The machine holds a lot of promise in other ways as well. For example, Pastis explains that a staging bronchoscopy can be performed in the same setting as the robotic bronchoscopy to look for spread to other lymph nodes and to stage the cancer during the same procedure. There is also the potential that one day the machine can be used to deliver treatment, and preliminary experiments are under way.

Lung nodules in an unaltered CT scan require sharp eyes for detection (left), but LungWeb highlights suspicious areas to make detection much less labor intensive (right). 
Lung nodules in an unaltered CT scan require sharp eyes for detection (left), but LungWeb highlights suspicious areas to make detection much less labor intensive (right).

The only caveat with the robotic machine is that a negative result for biopsied tissue does not automatically rule out cancer. If there is no separate diagnosis to explain the nodule — for example, infection — some patients will need further follow-up.

While robotic bronchoscopy is making lung cancer biopsy increasingly safer, another feature of LungWeb is that it can take the data collected by CT scans and use AI to determine the likelihood of cancer in specific nodules, making it easier to determine which nodules should undergo biopsy.

“The output can be something like, ‘There’s about a 90% chance this is benign or a 30% chance this is malignant,’” Burt says. “The great benefit would be getting rid of all those negative nodules so that the patient doesn’t have to worry for months.”

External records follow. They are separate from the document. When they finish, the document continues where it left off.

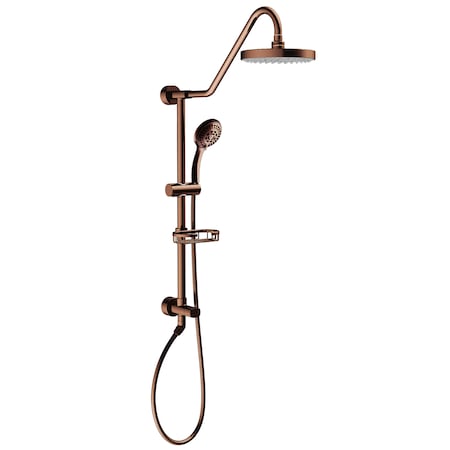 Shower System, Oil Rubbed Bronze, Wall MPN:1011-ORB-1.8GPM
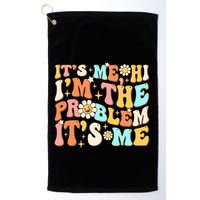 Retro Groovy I'm A Problem Sarcasm Humor Funny Cute Golf Towel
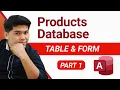 Part 1 Product Database Tutorial in Microsoft Access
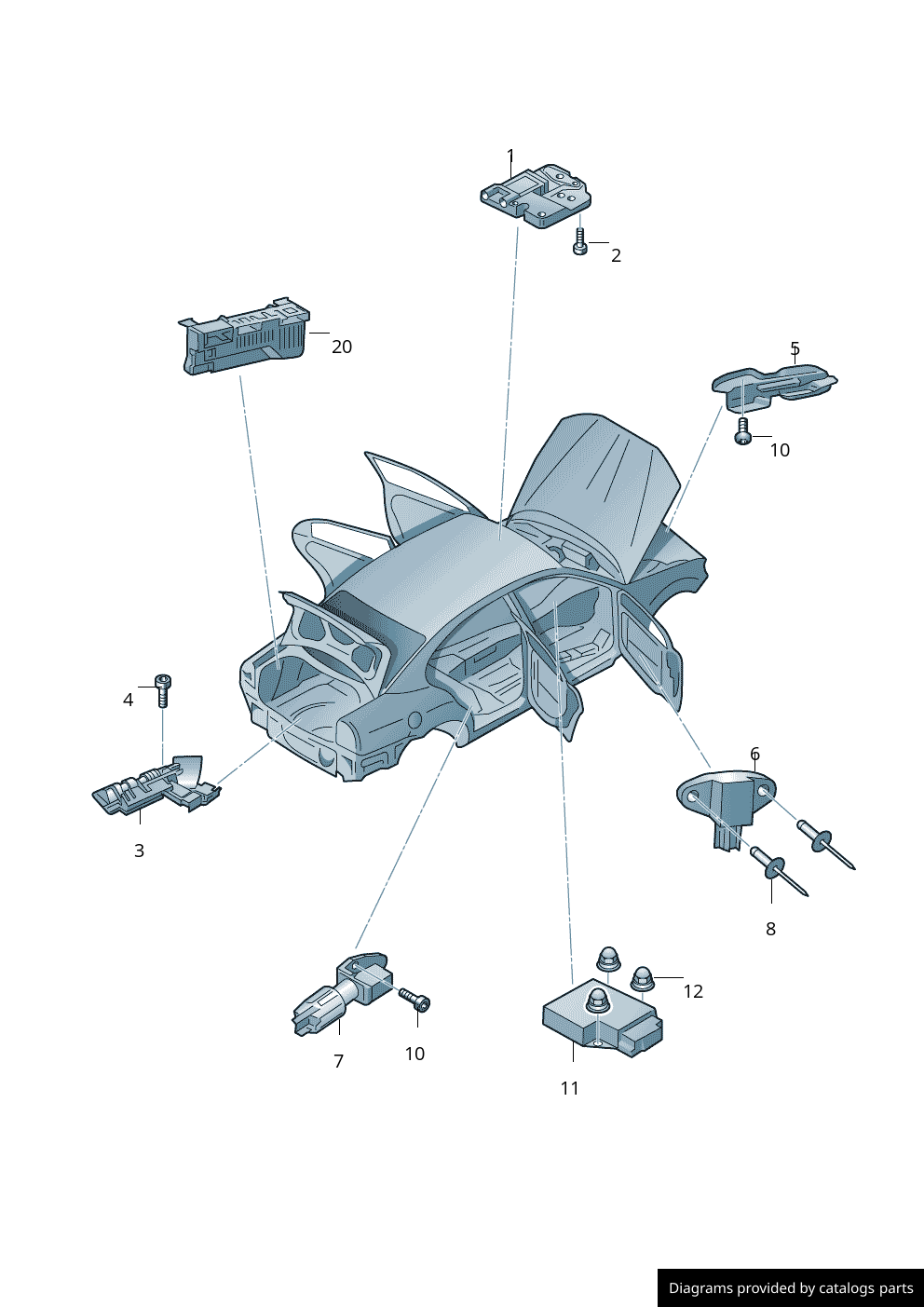 Car part diagram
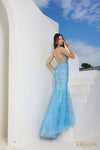 241P2294 Sleeveless Spaghetti Trumpet Long Prom Dress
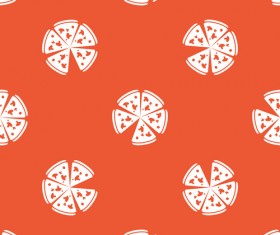Creative pizza seamless pattern vector set 04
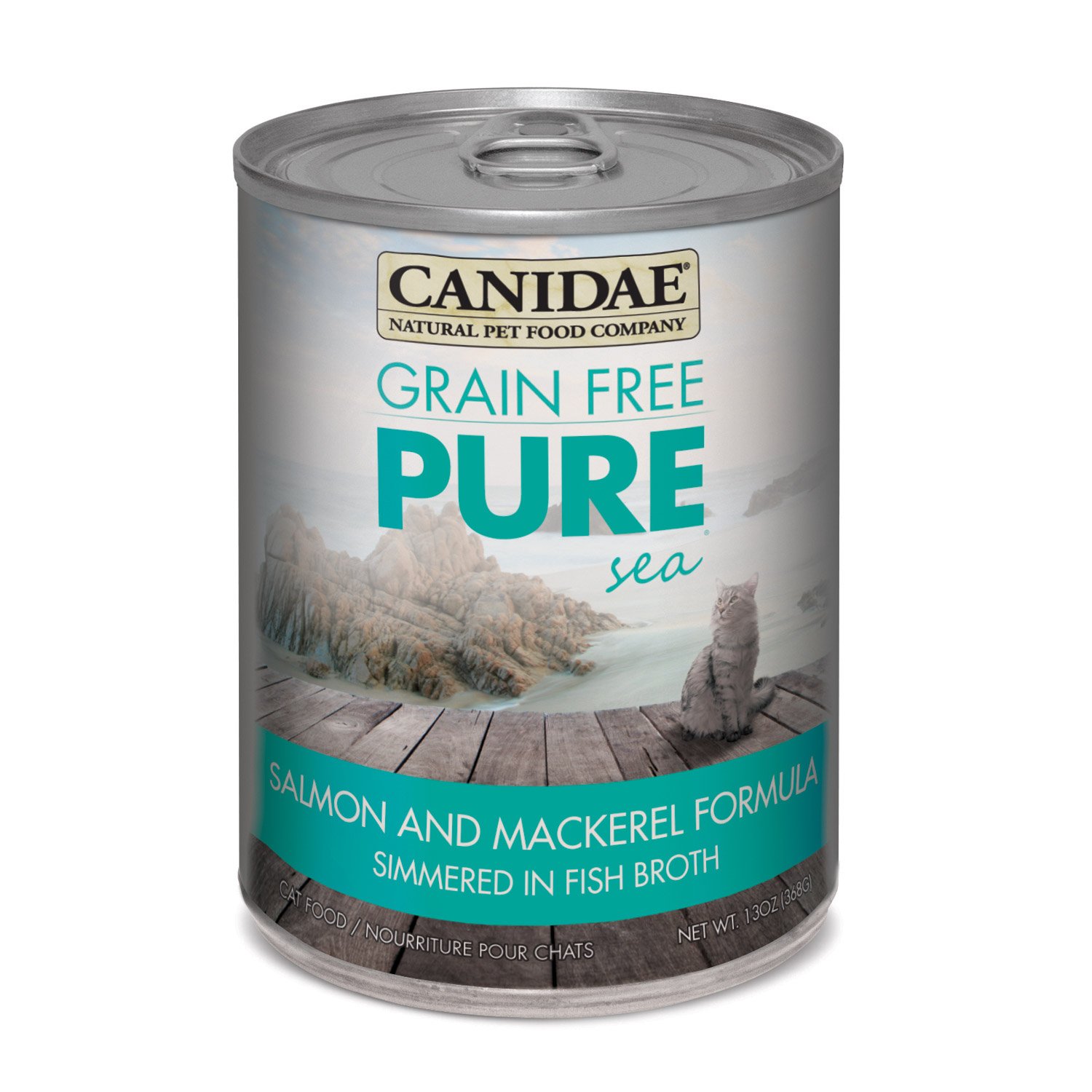 UPC 640461033249 product image for Canidae Grain Free Pure Sea Salmon & Mackerel Canned Cat Food, 13 oz. | upcitemdb.com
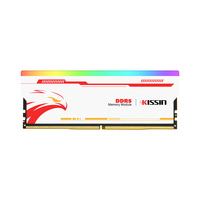 Mémoire PC KISSIN RAM RGB DDR5 Udimm 16 Go 6000 MHz DDR5 RAM pour ordinateur de bureau 288 broches 1,2 V DDR5 RAM 16 Go 32 Go pour ordinateur de jeu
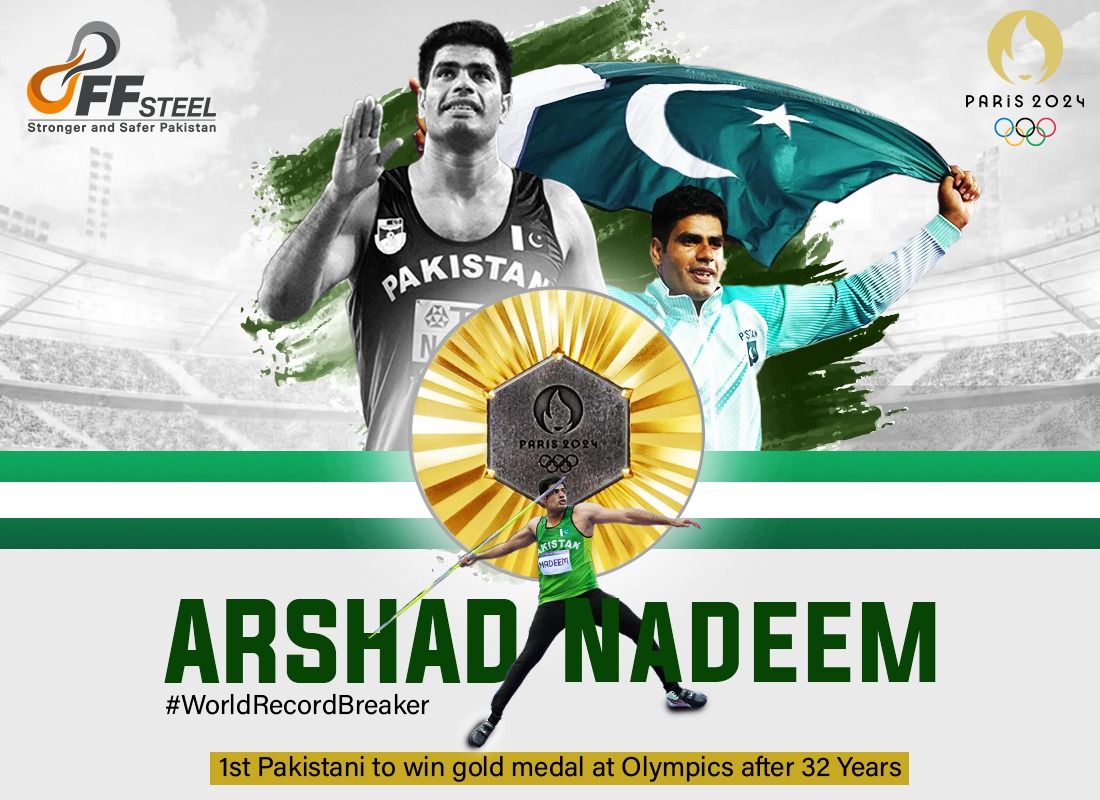 FF STEEL - Congratulations to Arshad Nadeem for achieving...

LungWeb is being trained on over 80,000 chest CTs from numerous publicly available databases, which translates to millions of images for training and validation. And once LungWeb enters the clinical trial phase, physicians will be able to test it in real time. Burt envisions that eventually the software can be used to examine any chest CT that comes in to catch pulmonary nodules early.

Finally, after a lung cancer diagnosis, physicians must still determine if the cancer is localized or has spread. The current method of staging is to perform a positron emission tomography (PET) scan, but this technology has a resolution limit of 8 mm, which means it can miss smaller but still critical lymph nodes as well as tumors that don’t show up well on PET scans. Therefore, Burt is developing a second algorithm that uses AI to examine lymph nodes in the chest CT and predict the chance of metastasis. For example, the software will be able to say that a lymph node shows an 80% chance of metastasis, or perhaps a 10% or 0% chance, which will help with staging and with guiding the surgeon to the most suspicious areas.

This new algorithm is still in early development, but Burt hopes that it along with LungWeb will one day provide the equivalent of one-stop shopping, with detection, diagnosis and staging all performed with the chest CT — one procedure, no biopsy.

Meanwhile, the advanced robotic infrastructure at MUSC is already providing less invasive diagnosis and staging of lung cancer as early and safely as possible for patients across the state.

“A lot of times people have nodules detected but smaller hospitals don’t have the technology to deal with them,” says Pastis. “We have the opportunity to minimally invasively diagnose them and sometimes prevent surgeries or other procedures that are unnecessary.”

Both doctors agree on the ultimate goals of these efforts: to find lung cancer early and save lives.

“The thought of being able to decrease the number of deaths from lung cancer is amazing,” Burt says. “We’re finally able to do it, because the technology’s finally up to speed, so it’s an exciting time.”